= What you are asked to do =
The task calls for each record to be given again unchanged, minus any pictures.

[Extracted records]
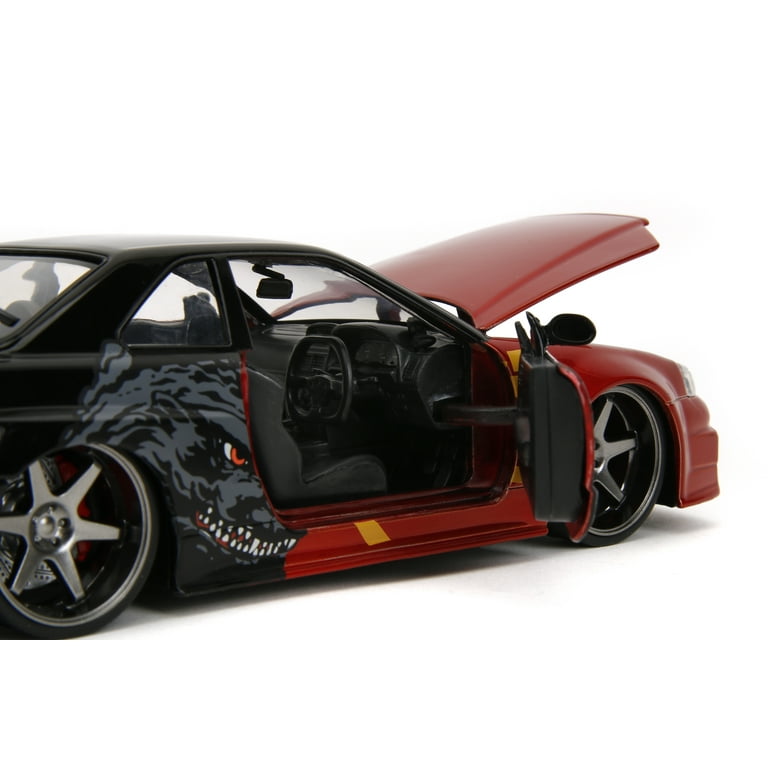 ゴジラ 2002年式日産スカイラインGT-R(R34) Jada Toys 2002 Nissan Skyline GT-R R34 RHD White with Red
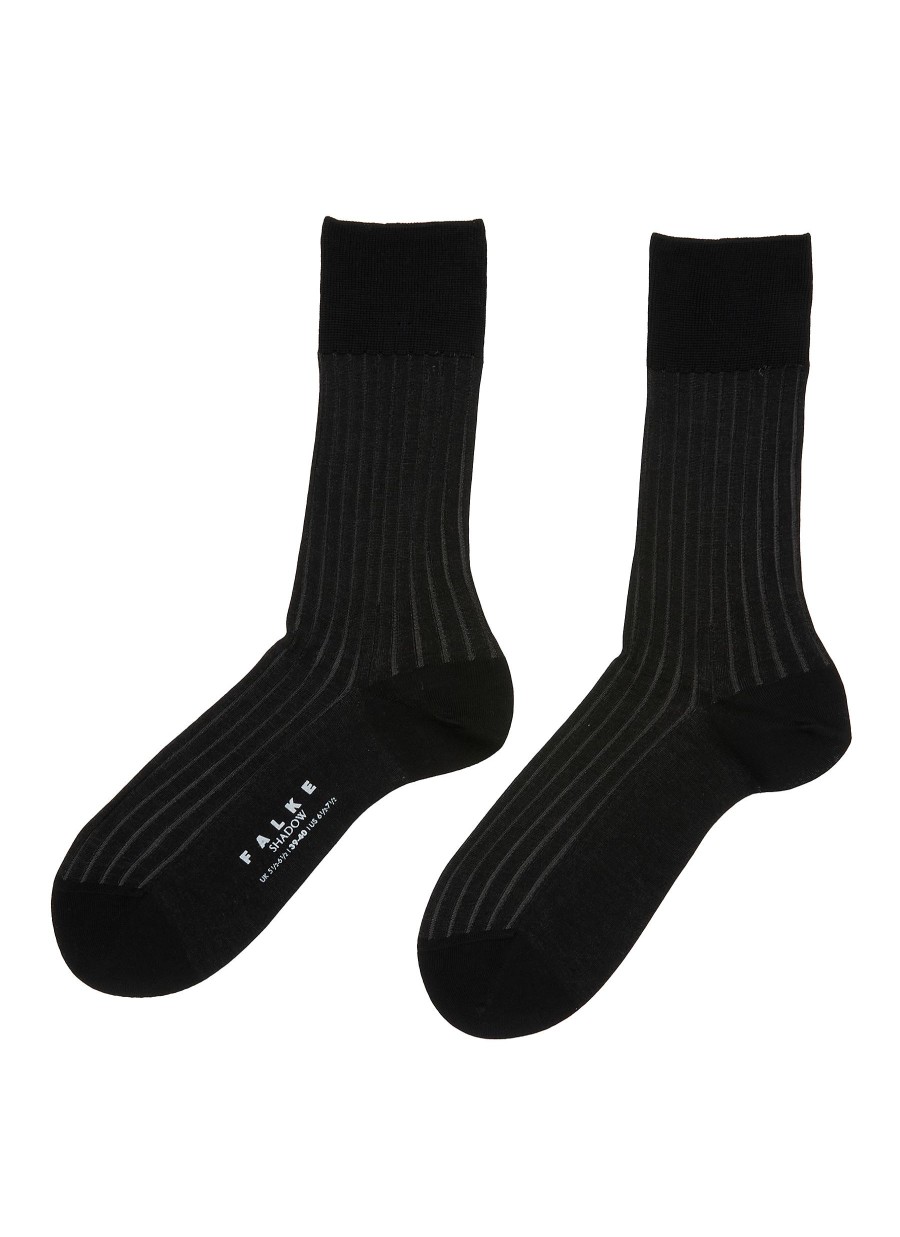 Men FALKE Socks | Striped Shadow Cotton Blend Short Socks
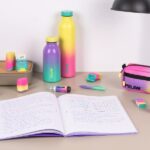 Milan Sunset Taccuino incollato formato A4 griglia 5x5 mm - 48 fogli da 95 g/m² microperforati - Colore viola/turchese - immagine 2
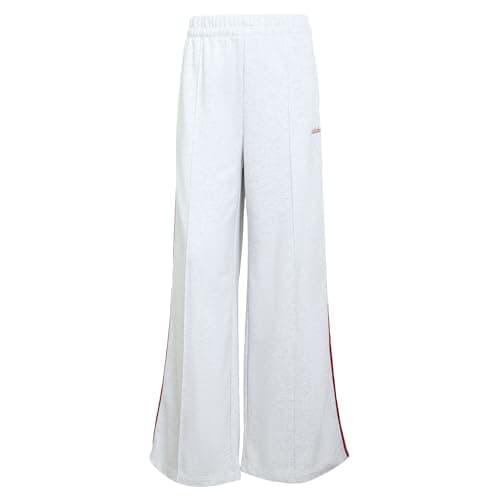 Image of adidas Women's Seasonal Essentials Colorpop Pants with Embroidered Graphic, Light Grey Heather/Active Maroon, S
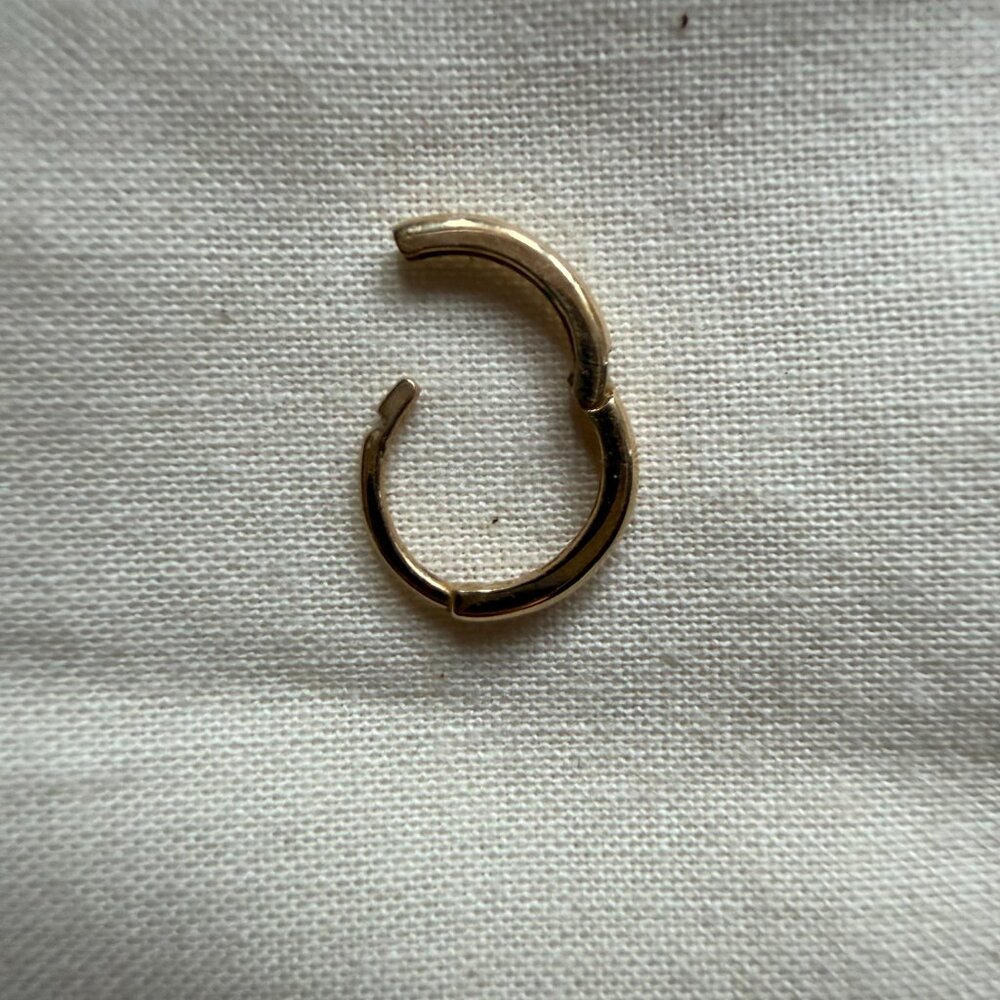 Mejuri 10K Gold Mini Hoop - Picture 3 of 4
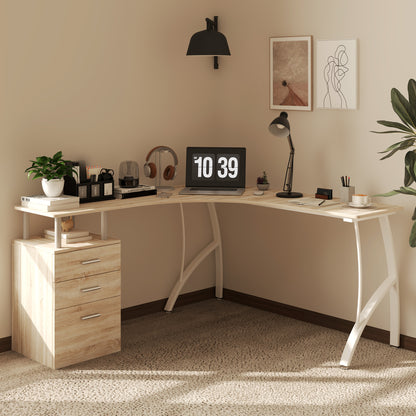 Lelolo 143cm Oak Industrial L Shaped Corner Desk With 3 Drawers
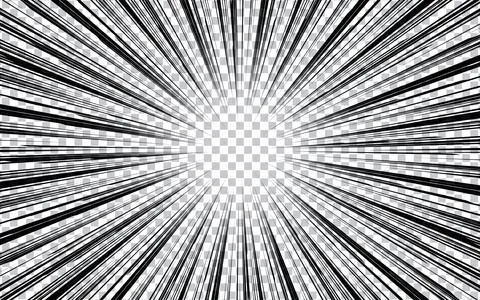 Comic and manga books, speed lines, transparent background. Superhero actio.. Illustrazione stock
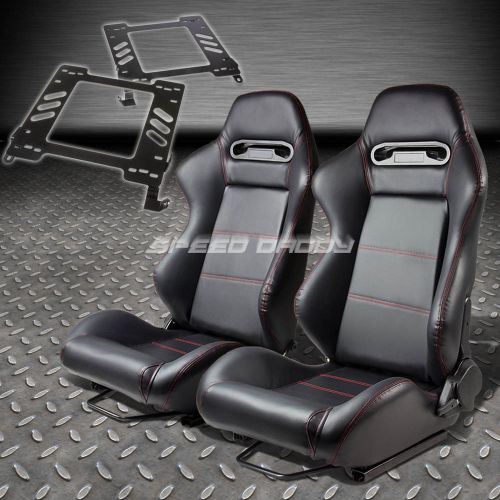 Pair type-r black pvc reclining racing seat+bracket for 02-07 wrx/sti gd/gg
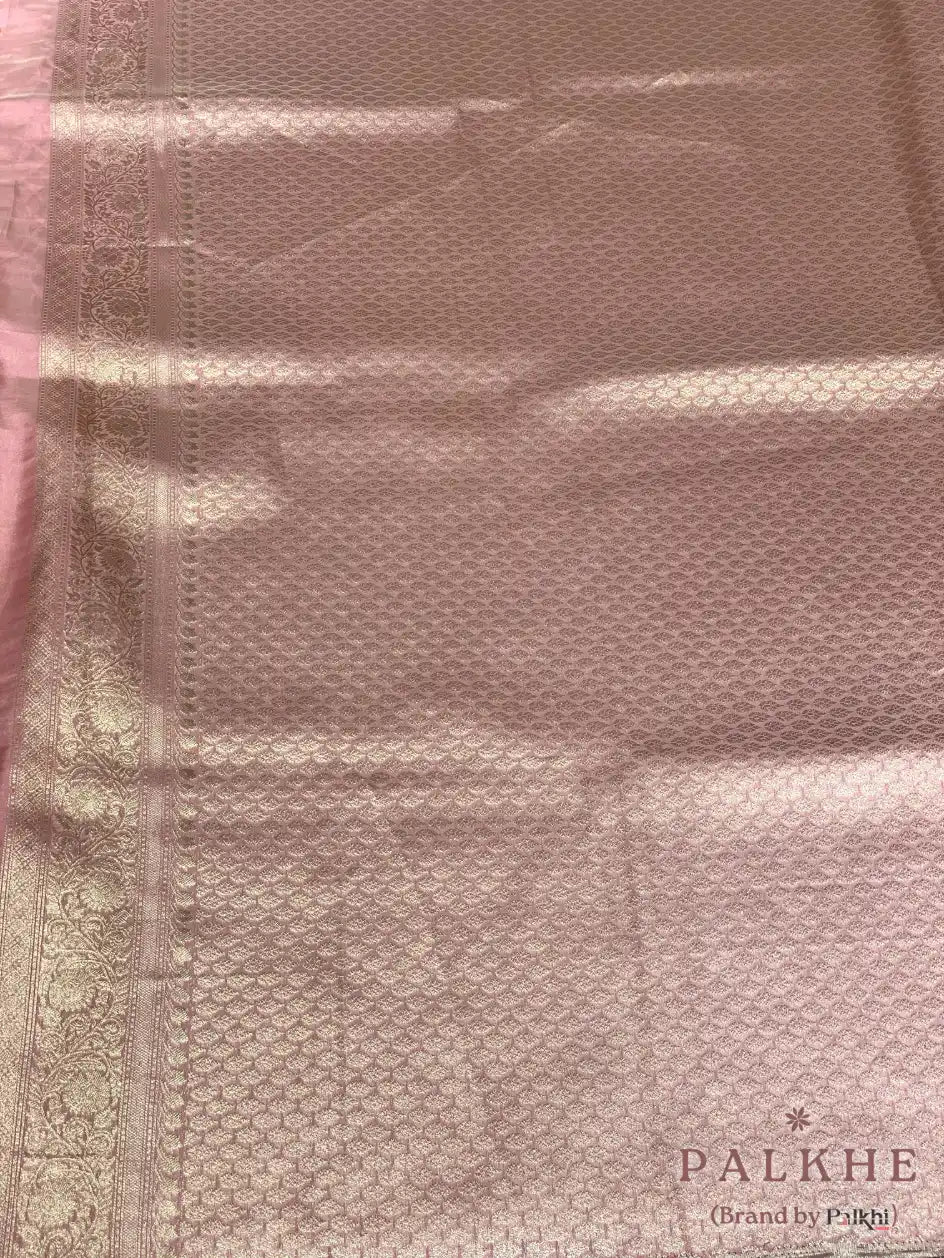 Blush-Pink Kanjivaram Floral in Semi Tissue Brocade (CR88)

= Response to the exercise =
 ゴジラ 2002年式日産スカイラインGT-R(R34) Jada Toys 2002 Nissan Skyline GT-R R34 RHD White with Red
 Men FALKE Socks | Striped Shadow Cotton Blend Short Socks
 Milan Sunset Taccuino incollato formato A4 griglia 5x5 mm - 48 fogli da 95 g/m² microperforati - Colore viola/turchese - immagine 2
 Image of adidas Women's Seasonal Essentials Colorpop Pants with Embroidered Graphic, Light Grey Heather/Active Maroon, S
 Mejuri 10K Gold Mini Hoop - Picture 3 of 4
 Lelolo 143cm Oak Industrial L Shaped Corner Desk With 3 Drawers
 Comic and manga books, speed lines, transparent background. Superhero actio.. Illustrazione stock
 Pair type-r black pvc reclining racing seat+bracket for 02-07 wrx/sti gd/gg
 Blush-Pink Kanjivaram Floral in Semi Tissue Brocade (CR88)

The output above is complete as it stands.